Cultural and community spaces suggests something intended for use not just by those in the development itself. It's not clear if these spaces are intended to serve the wider local community or access is restricted only to those in the development.

Also, I'm doubtful as to how many > 10,000 developments in Dublin City there are, so would be swamped in the overall scheme of things.
If we were talking about a whole new housing estate, I think it would be reasonable that the developer and council work together around green spaces, facilities, services etc.

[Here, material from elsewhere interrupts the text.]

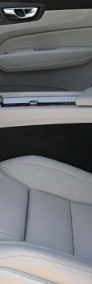 Volvo XC60 II T6 Plug-In Hybrid AWD Plus Dark 2.0 T6 Plug-In Hybrid AWD Plus Dark (398KM)-4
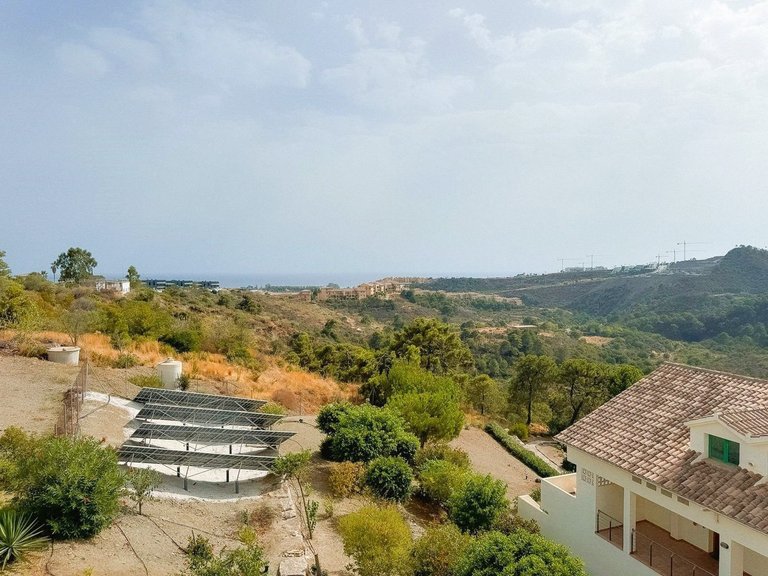 Apartment for Sale in Selwo, Malaga 31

But this seems very nebulous.

This article from Dublin Inquirer gives a good summary of it:

The main problem recounted by developers was that in an economic model where 100 percent of the site must make a return on the investment, how would that five percent work? Yeates said on Friday.
“And it isn’t just for arts organisations, but it’s for creative and community and cultural organisations,” he said. “And when they take up that five percent, will they be able to pay on site?”
Feelings, however, slowly thawed. Some developers have since used the developer toolkit created by the Arts Office to guide them through the process, he said at the February meeting.
Since November, the position of developers towards the scheme has become more mixed, he said. No longer uniformly against.
But, Yeates stressed, one of the issues that remains is that the council isn’t responsible for implementing the policy. That is the responsibility of the developers, he said. This has led to the delivery of spaces that developers earmark for performances and exhibitions, or artist studios, but which are only used on a handful of occasions or left
entirely empty.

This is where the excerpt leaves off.